Excerpt
Thirty feet up a tree that reached twice that height into the forest canopy, Zeph clung beak-down and surveyed the forest floor. Several large, flightless ground parrots pecked at crushed berries. Violet stains covered their green plumage. The berries were casualties of a conflict much higher up. Two flying squirrels fighting on the sunny tree tops had dropped them, splashing Zeph with juice when the berries landed. While the rush of sugar the berries offered was tempting, that was short-term thinking. Instead, he groomed the juice from his feathered face, left the area, climbed one of the many massive redwoods, and glided back to a good vantage point. The local ground parrots had become wary of the fresh scratches on trees that marked the climbing habits of gryphons. Not that ground parrots were particularly bright birds. The species, as a whole, survived mostly by virtue of laying many eggs, foraging effectively, and running away at the slightest provocation.

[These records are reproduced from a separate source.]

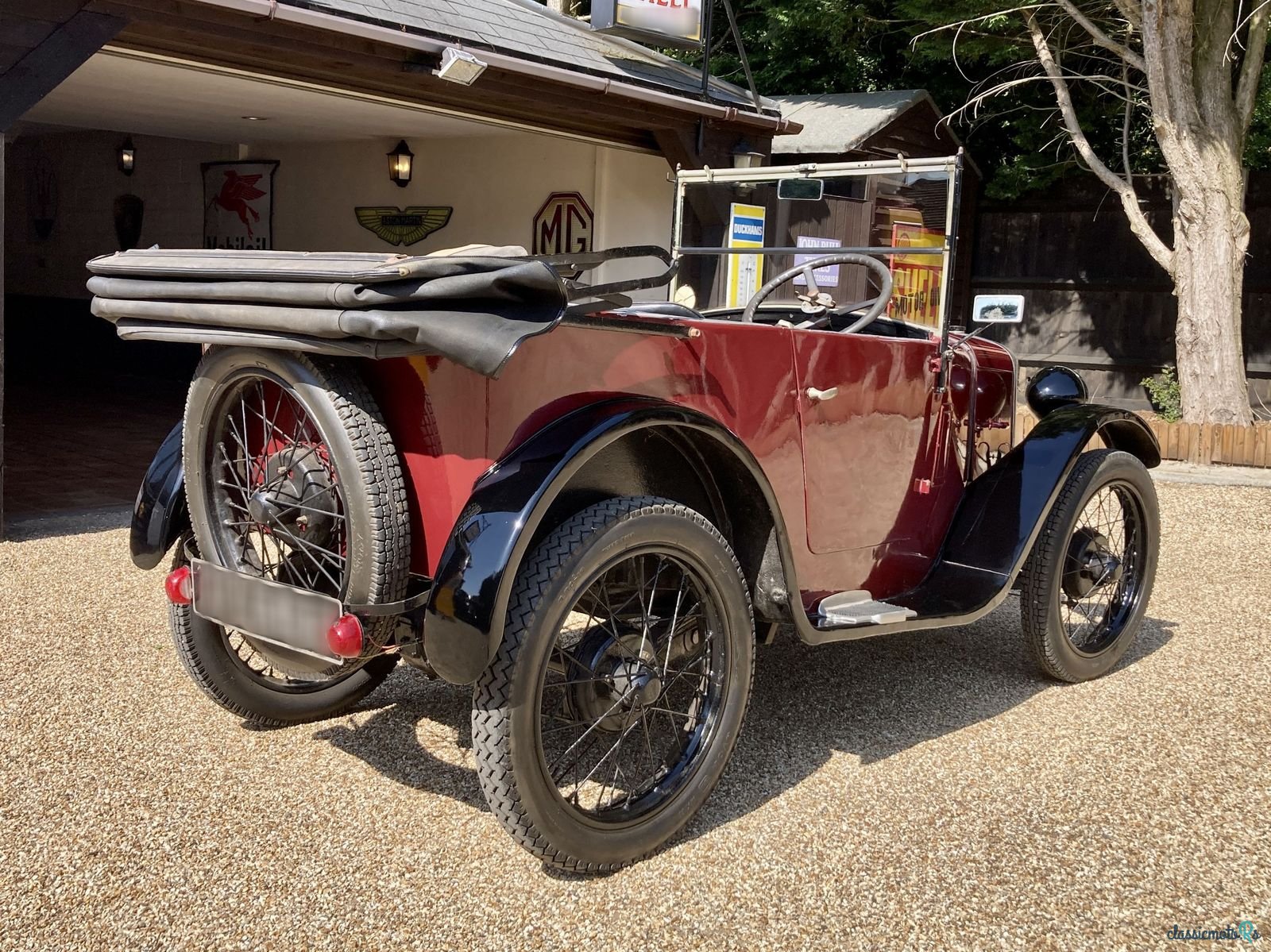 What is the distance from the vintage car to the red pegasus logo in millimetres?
9054

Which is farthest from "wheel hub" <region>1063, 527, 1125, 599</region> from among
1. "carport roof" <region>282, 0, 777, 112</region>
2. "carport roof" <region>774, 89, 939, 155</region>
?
"carport roof" <region>774, 89, 939, 155</region>

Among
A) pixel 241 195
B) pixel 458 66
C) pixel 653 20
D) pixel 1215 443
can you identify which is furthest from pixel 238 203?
pixel 1215 443

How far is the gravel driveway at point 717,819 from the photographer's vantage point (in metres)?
2.15

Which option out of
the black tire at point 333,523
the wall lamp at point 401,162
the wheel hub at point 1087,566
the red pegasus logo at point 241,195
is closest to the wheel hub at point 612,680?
the black tire at point 333,523

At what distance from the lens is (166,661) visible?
3.62 m

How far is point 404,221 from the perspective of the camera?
34.9ft

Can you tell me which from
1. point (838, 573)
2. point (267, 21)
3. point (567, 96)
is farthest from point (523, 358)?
point (567, 96)

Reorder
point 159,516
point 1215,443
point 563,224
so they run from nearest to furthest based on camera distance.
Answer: point 159,516 → point 1215,443 → point 563,224

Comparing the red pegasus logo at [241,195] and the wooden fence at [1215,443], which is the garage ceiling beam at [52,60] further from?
the wooden fence at [1215,443]

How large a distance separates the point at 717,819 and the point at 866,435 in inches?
46.3

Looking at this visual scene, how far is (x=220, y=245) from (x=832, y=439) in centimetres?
1000

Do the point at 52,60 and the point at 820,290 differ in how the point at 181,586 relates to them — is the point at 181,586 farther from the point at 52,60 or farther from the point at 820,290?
the point at 52,60

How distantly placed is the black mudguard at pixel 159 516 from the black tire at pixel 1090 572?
2527 millimetres

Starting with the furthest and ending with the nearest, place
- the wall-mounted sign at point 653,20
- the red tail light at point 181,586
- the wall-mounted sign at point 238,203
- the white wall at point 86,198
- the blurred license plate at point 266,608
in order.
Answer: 1. the white wall at point 86,198
2. the wall-mounted sign at point 238,203
3. the wall-mounted sign at point 653,20
4. the red tail light at point 181,586
5. the blurred license plate at point 266,608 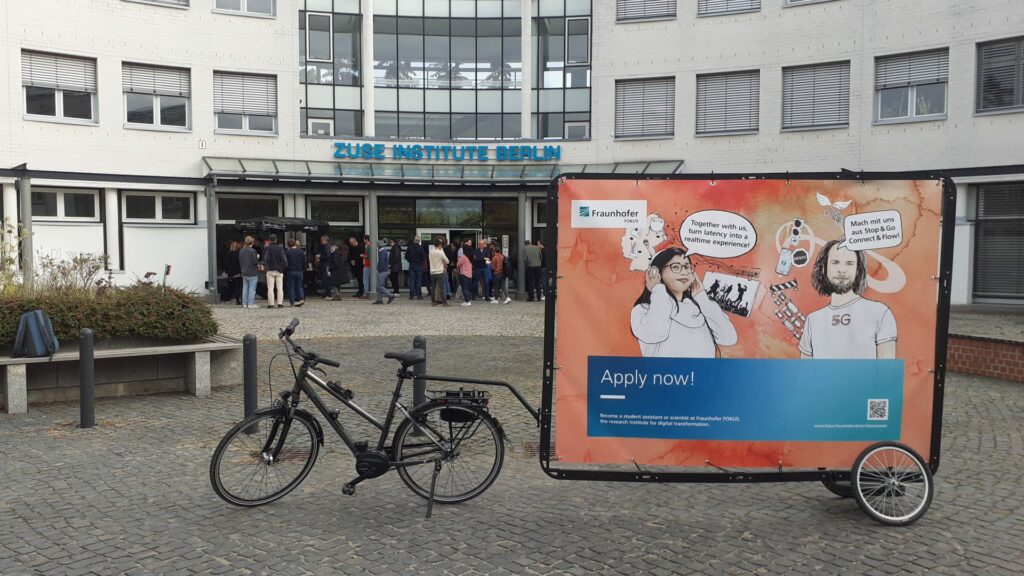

A plump parrot, a full four feet in height, shouldered the younger birds out of the way. There were a few squeaks of indignation, then the birds all froze and looked around to see if anything had heard them. Zeph remained unmoving against the tree, his banded brown fur and feathers matching the slits of light against the bark. Backward-facing dewclaws on each paw held him in place and even allowed him to slowly climb higher, should the need arise.
Several more parrots peeked out from the overgrowth and jostled each other to peck the last of the berries. Just as the original plump one took a swipe at its rivals, Zeph pounced from the tree, snapping the parrot's spine on impact. The other parrots fled in all directions, and he set off after the next largest. Thick ferns blanketed the dimly-lit forest floor, providing cover if the parrot could slip out of view. Heavy storms normally provided lightning to burn away the ground cover during the summer months, but this year there hadn't been any fires, and the vegetation was at its thickest in living memory. The parrot squeezed under a rotting log. Zeph leapt over it and spread his wings, gliding in pursuit. Thick vines and branches bred agile forest gryphons. Gryphons had hollow, muscle-covered bones to enable flight. Bones that broke easily if they caught on something.
He did his best to drive the parrot towards the edge of the forest. Once it was in the grasslands between the weald and the eyrie, it would be an easy catch. Right as well-groomed feathers, the parrot burst out of the forest edge, and Zeph pounced. He held it down with his ever-useful dewclaw and snapped its neck with his beak.
The sun beating down on his wings was a pleasant change from the shade of the forest, so he spread out his plumage and looked towards the eyrie. The opinici had built a large city at the northern tip of the Redwood Valley, nestled against the mountains. The forest around the eyrie was well-maintained, and they'd cleared a large swath of trees between them and the weald to create grasslands for capybara herds and farms. Ground parrot was tastier and healthier than capybara, but parrot meat's unique flavor made it worth significantly more than just its nutritional value to opinicus merchants. The parrots around the eyrie had fled when the opinici cleared out the undergrowth, and the untamed gryphon lands were the only place to get them now. Zeph looked to see how the capybara herds were doing.
Instead of capybaras chewing and lazing about, the ground was soaked in wet blood. The fence at the edge of the grasslands had been destroyed, and a trail of dark red led into the weald.
He grabbed his kill in his beak and retreated to the safety of the trees.